Start of Extracted material
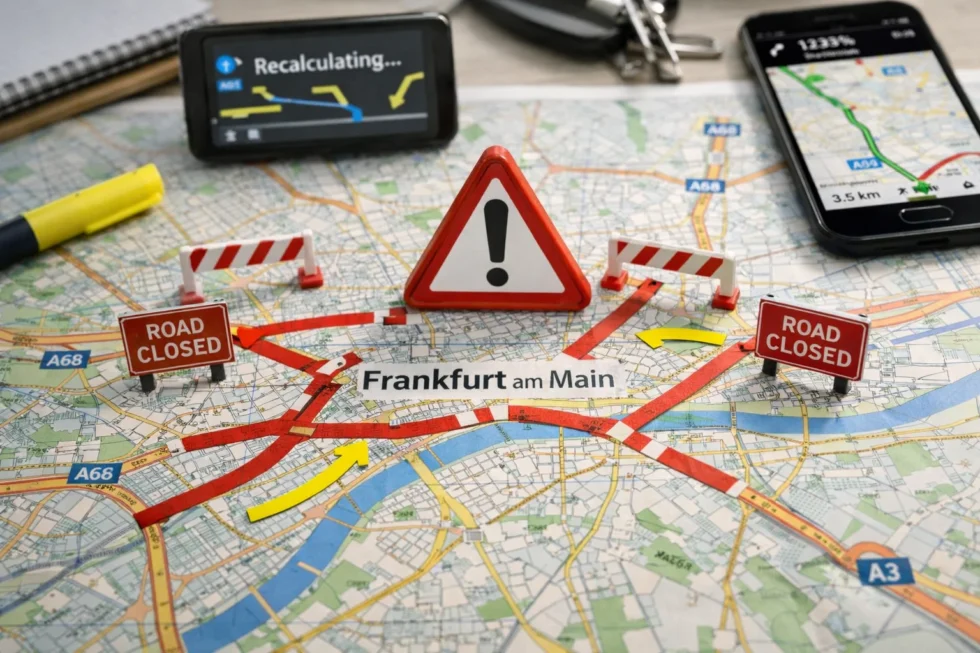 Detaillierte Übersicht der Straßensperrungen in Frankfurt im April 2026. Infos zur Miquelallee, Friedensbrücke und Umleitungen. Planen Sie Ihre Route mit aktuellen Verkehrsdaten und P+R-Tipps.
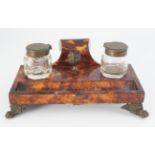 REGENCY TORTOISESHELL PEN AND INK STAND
End of Extracted material
Start of Extracted material
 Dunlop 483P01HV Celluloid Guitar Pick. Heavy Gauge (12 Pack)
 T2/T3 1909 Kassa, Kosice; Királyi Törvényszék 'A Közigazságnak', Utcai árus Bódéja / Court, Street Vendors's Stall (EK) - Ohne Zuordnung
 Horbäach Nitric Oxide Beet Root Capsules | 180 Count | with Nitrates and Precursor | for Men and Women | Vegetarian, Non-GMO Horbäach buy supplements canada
End of Extracted material
Task description – Your answer should be the lines above, word for word, from the line with "Detaillierte Übersicht der" through the line with "REGENCY TORTOISESHELL PEN AND INK STAND", minus the pictures.

Finished task –
 Detaillierte Übersicht der Straßensperrungen in Frankfurt im April 2026. Infos zur Miquelallee, Friedensbrücke und Umleitungen. Planen Sie Ihre Route mit aktuellen Verkehrsdaten und P+R-Tipps.
 REGENCY TORTOISESHELL PEN AND INK STAND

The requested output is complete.